Deregulation is the process of removing or reducing state regulations (rules and laws, etc.), typically in the economic sphere. It is the undoing or repeal of governmental controls on the economy. It became common in advanced industrial economies in the 1970s and 1980s, as a result of new trends in economic thinking about the inefficiencies of government regulation, and the risk that regulatory agencies would be controlled by the regulated industry to its benefit, and thereby hurt consumers and the wider economy.

The stated rationale for deregulation is often that fewer and simpler regulations will lead to a raised level of competitiveness, therefore higher productivity, more efficiency and lower prices overall. Opposition to deregulation may usually involve apprehension regarding environmental pollution and environmental quality standards (such as the removal of regulations on hazardous materials), financial uncertainty, and constraining monopolies.

Regulatory reform is a parallel development alongside deregulation. Regulatory reform refers to organized and ongoing programs to review regulations with a view to minimizing, simplifying, and making them more cost effective. Such efforts, given impetus by the Regulatory Flexibility Act of 1980, are embodied in the United States Office of Management and Budget’s Office of Information and Regulatory Affairs, and the United Kingdom’s Better Regulation Commission. Cost–benefit analysis is frequently used in such reviews. In addition, there have been regulatory innovations, usually suggested by economists, such as emissions trading. Deregulation can be distinguished from privatization, which is taking state-owned service providers into the private sector.

The deregulation movement of the late 20th century had substantial economic effects and engendered substantial controversy. The movement was based on intellectual perspectives which prescribed substantial scope for market forces, and opposing perspectives have been in play in national and international discourse. The movement toward greater reliance on market forces has been closely related to the growth of economic and institutional globalization between about 1950 and 2010. Critics of economic liberalization and deregulation cite the benefits of regulation, and believe that certain regulations do not distort markets and allows companies to continue to be competitive, or according to some, grow in competition.
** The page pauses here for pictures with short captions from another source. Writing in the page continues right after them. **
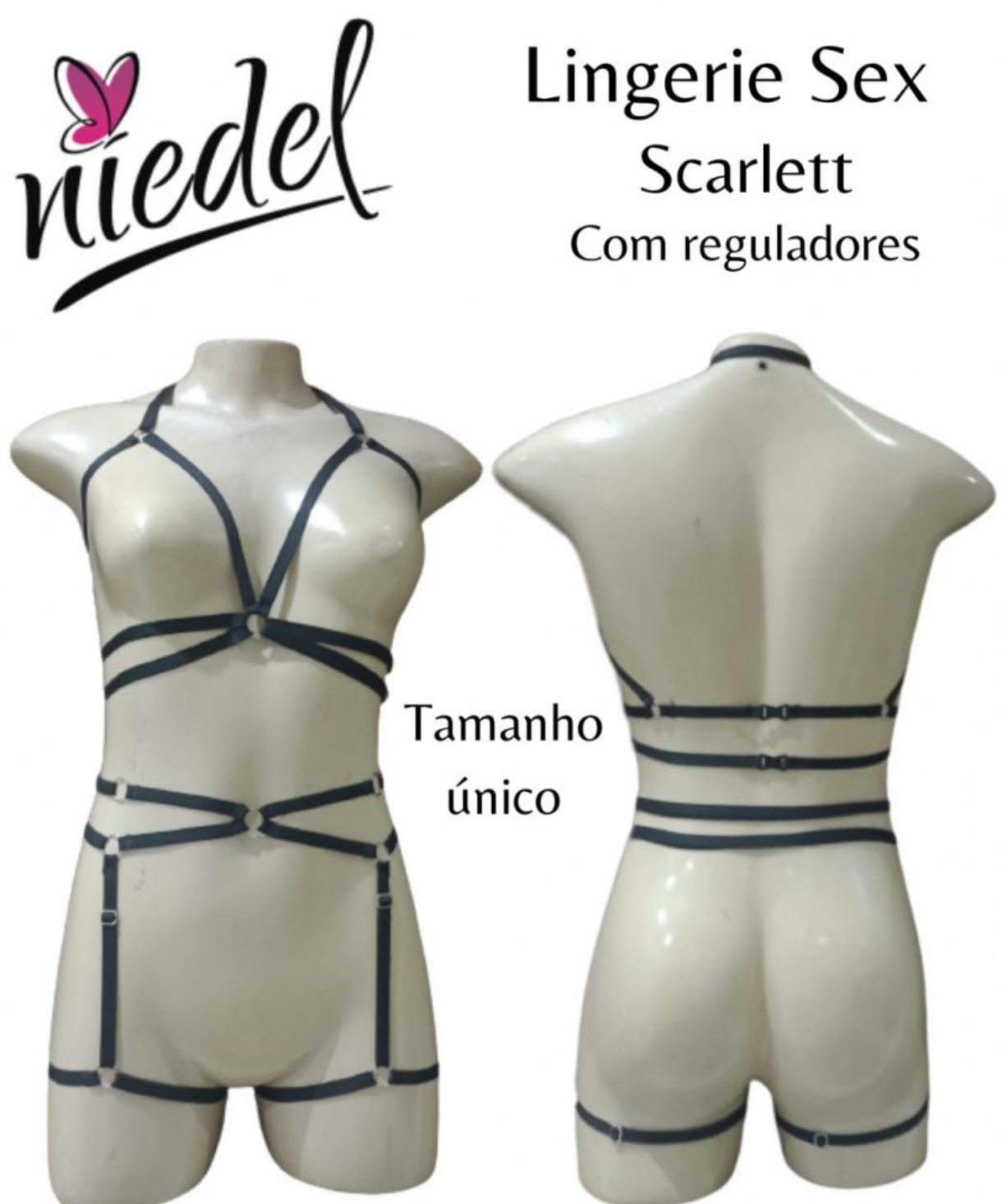 Lingerie Strappy Scarlett - Conjunto de Tiras com Reguladores e Design Sexy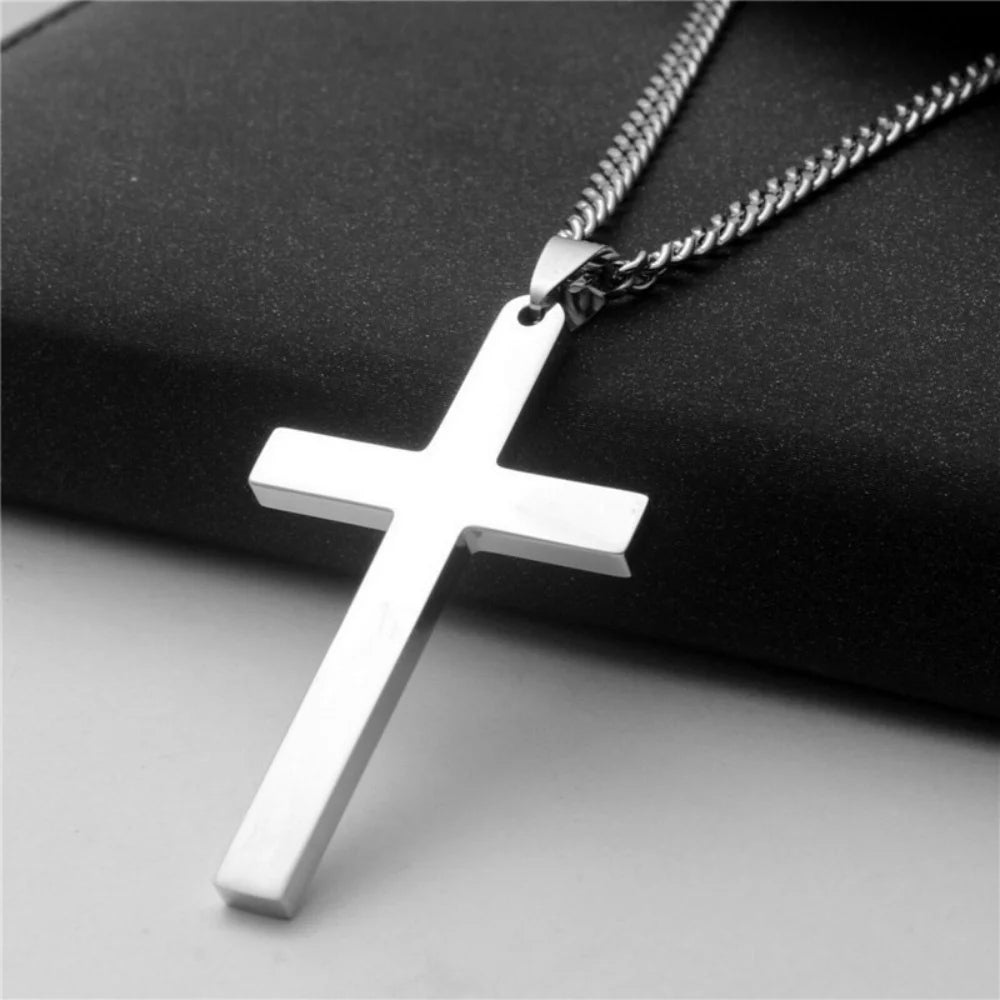 Men's Christian Cross Minimalist Stainless Steel Necklace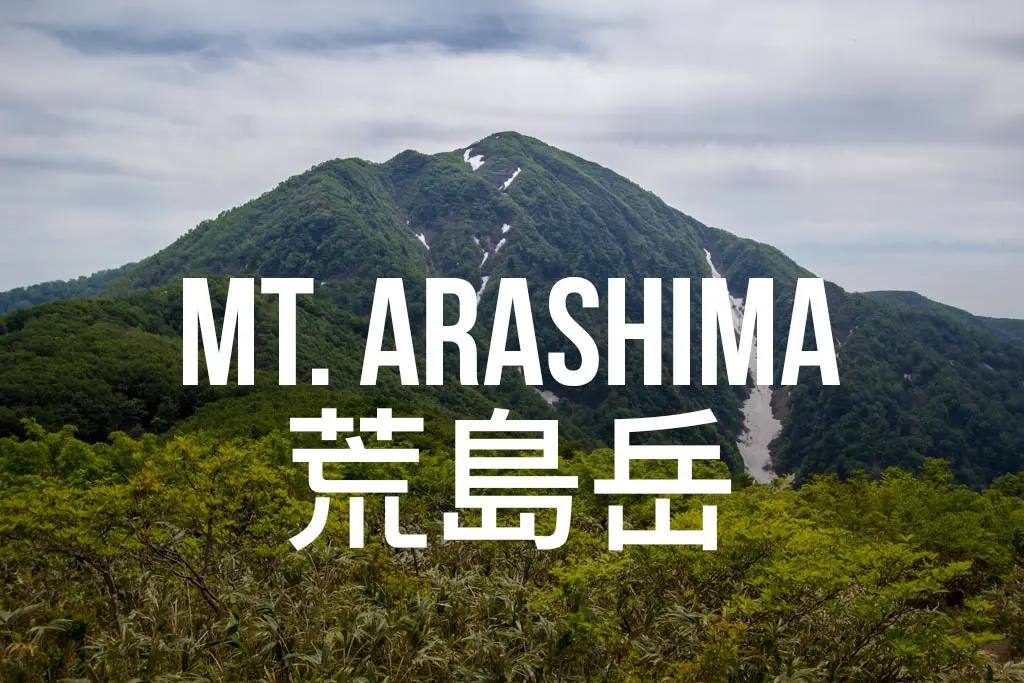 A lush green mountain rises under a cloudy sky, reminiscent of the breathtaking peaks of Mount Tate. Large, bold text over the image reads Mt. Arashima with Japanese characters beneath. The foreground boasts dense vegetation, enhancing its majestic allure.
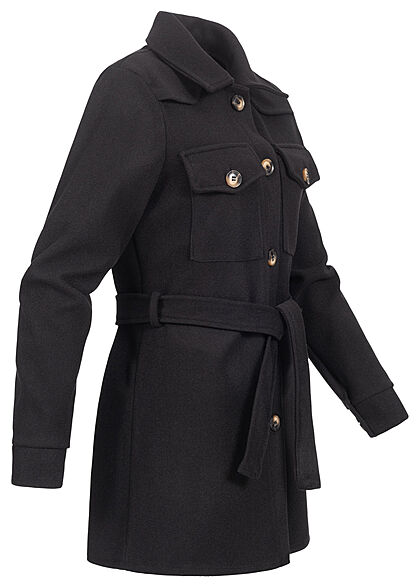 Styleboom Fashion Dames Fleece vest met ceintuur zwart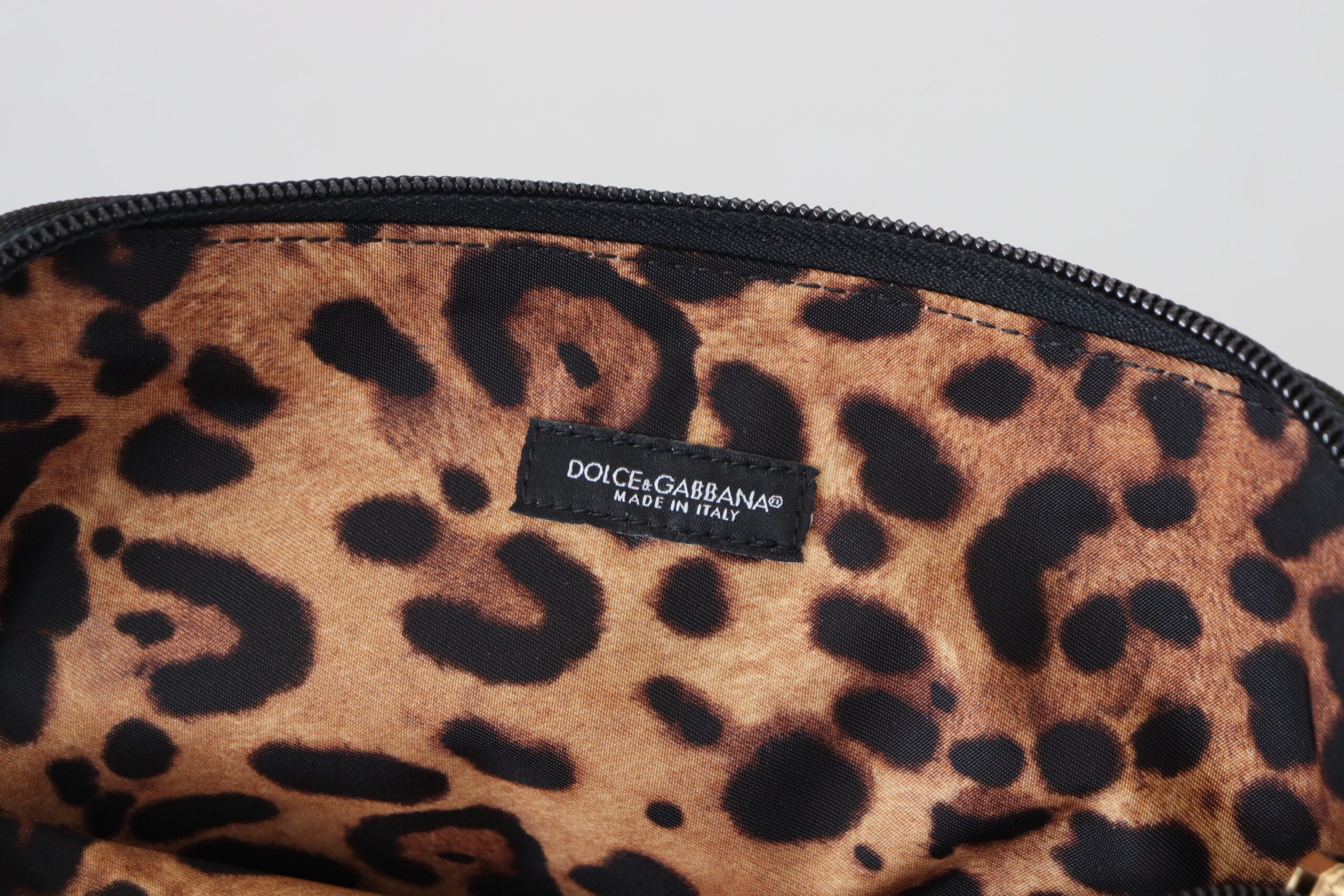 Dolce &amp;amp; Gabbana Blå Logotypmönstrad Handväska Leopardmönstrad Necessär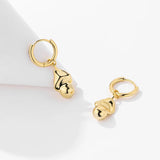 925 Silver Beanie Drop Earrings Bicolor Jewelry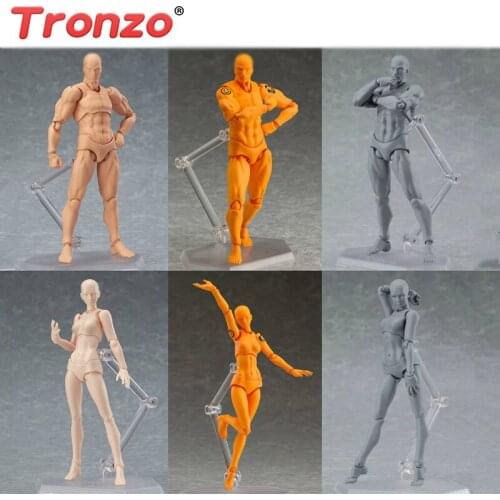 Tronzo Drawing Figures Moveable Artists Paint Sketch Man Woman Model 3 Colors Human Model Painting Practice Figures for Artists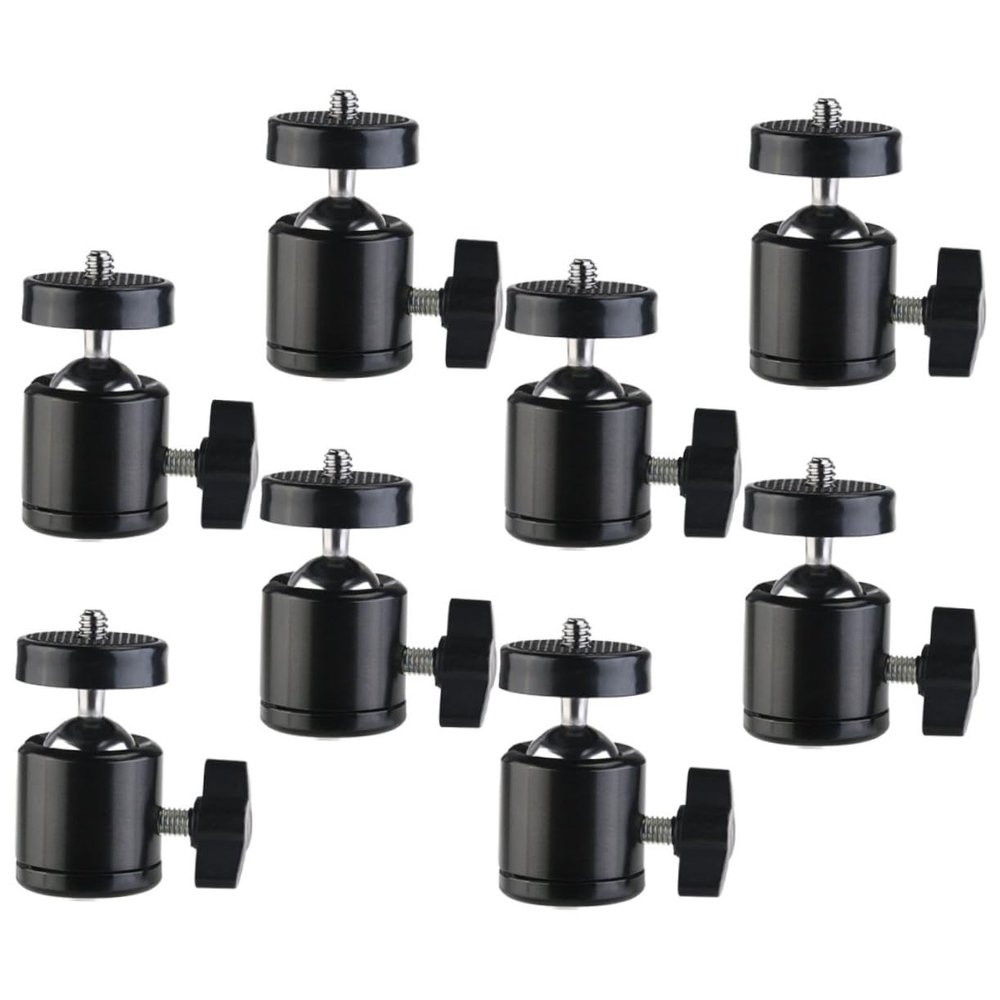 Toyvian 8pcs Tripod Ball Head Camera Mount Clamp Heads for Tripod Rotation Metal Construction Lightweight Compact for Photography Accessories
Much as the state plays an important role through issues such as property rights, appropriate regulation is argued by some to be ‘crucial to realize the benefits of service liberalization.’

Critics of deregulation often cite the need of regulation in order to: create a level playing field and ensure competition (e.g., by ensuring new energy providers have competitive access to the national grid); maintain quality standards for services (e.g., by specifying qualification requirements for service providers); protect consumers (e.g. from fraud); ensure sufficient provision of information (e.g., about the features of competing services); prevent environmental degradation (e.g., arising from high levels of tourist development); guarantee wide access to services (e.g., ensuring poorer areas where profit margins are lower are also provided with electricity and health services); and prevent financial instability. and protect consumer savings from excessive risk-taking by financial institutions.

Sharon Beder, a writer with ‘PR Watch,’ wrote ‘Electricity deregulation was supposed to bring cheaper electricity prices and more choice of suppliers to householders. Instead it has brought wildly volatile wholesale prices and undermined the reliability of the electricity supply.’ Former bank regulator William K. Black claims that inappropriate deregulation helped create a criminogenic environment in the savings and loan industry, which attracted opportunistic control frauds like Charles Keating, whose massive political campaign contributions were used successfully to further suppress regulatory oversight.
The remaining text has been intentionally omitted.